:: Caption-style text data ::
*** Begin section ***
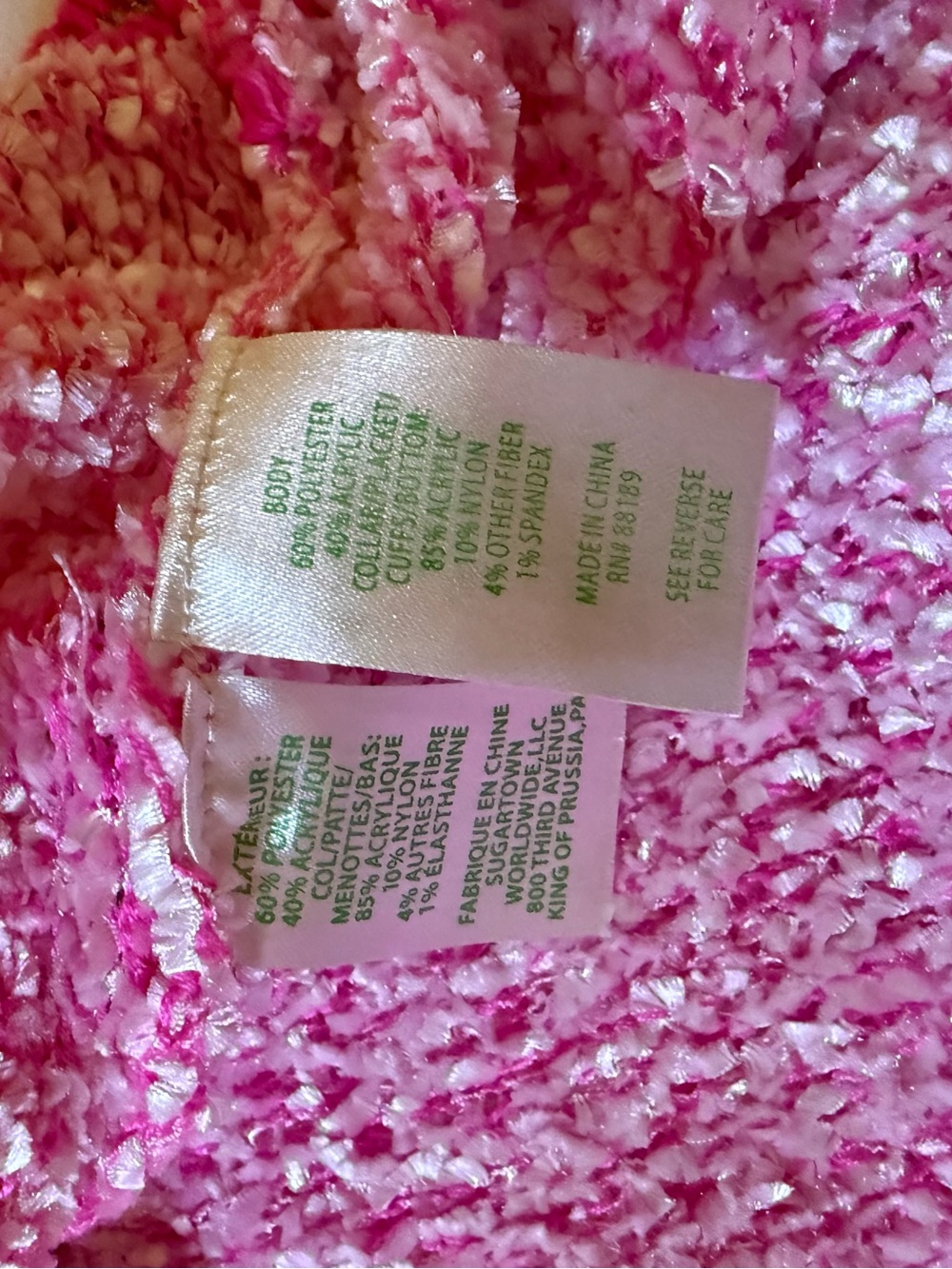 Lilly Pulitzer Pink Bouclé Knit Cardigan with Hot Pink Trim - Picture 3 of 5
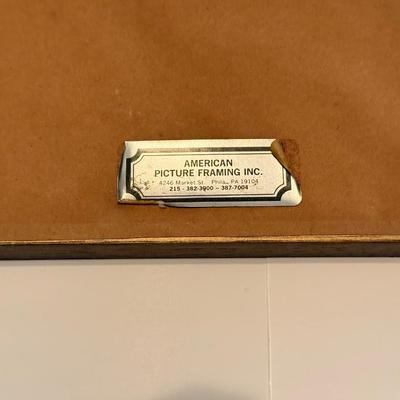 LOT 106L: Vintage "On the Road" Print & Antique Trumeau Mirror " Feeding her feathered friends"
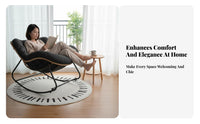 Reclining Function paddinged Lounger with Footrest Ergonomic Design Sleigh Base Recliner Modern design Rocking Chair Comfortable Headrest for Seniors, Readers, Homeowners, Balcony, Living Room, perusing alcove, Bedroom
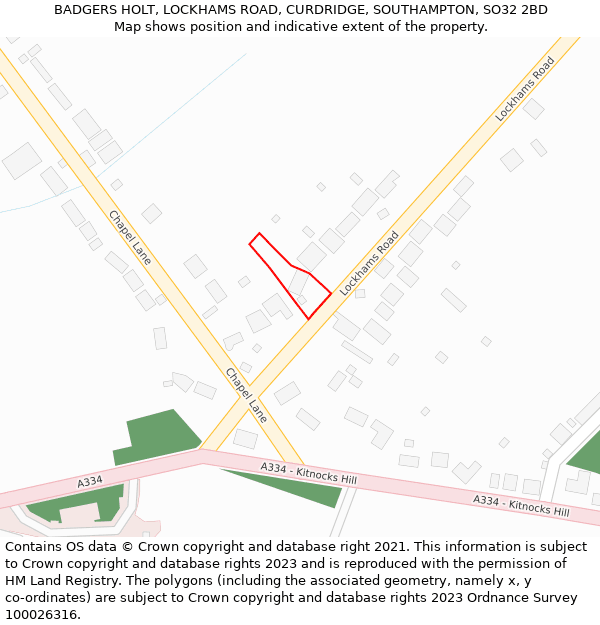 BADGERS HOLT, LOCKHAMS ROAD, CURDRIDGE, SOUTHAMPTON, SO32 2BD: Location map and indicative extent of plot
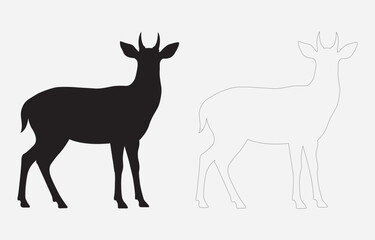 Deer silhouette vector art Illustration Isolated on white background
*** End section ***
Exclude the pictures and print the rest of the data exactly.

 Lilly Pulitzer Pink Bouclé Knit Cardigan with Hot Pink Trim - Picture 3 of 5
 LOT 106L: Vintage "On the Road" Print & Antique Trumeau Mirror " Feeding her feathered friends"
 Reclining Function paddinged Lounger with Footrest Ergonomic Design Sleigh Base Recliner Modern design Rocking Chair Comfortable Headrest for Seniors, Readers, Homeowners, Balcony, Living Room, perusing alcove, Bedroom
 BADGERS HOLT, LOCKHAMS ROAD, CURDRIDGE, SOUTHAMPTON, SO32 2BD: Location map and indicative extent of plot
 Deer silhouette vector art Illustration Isolated on white background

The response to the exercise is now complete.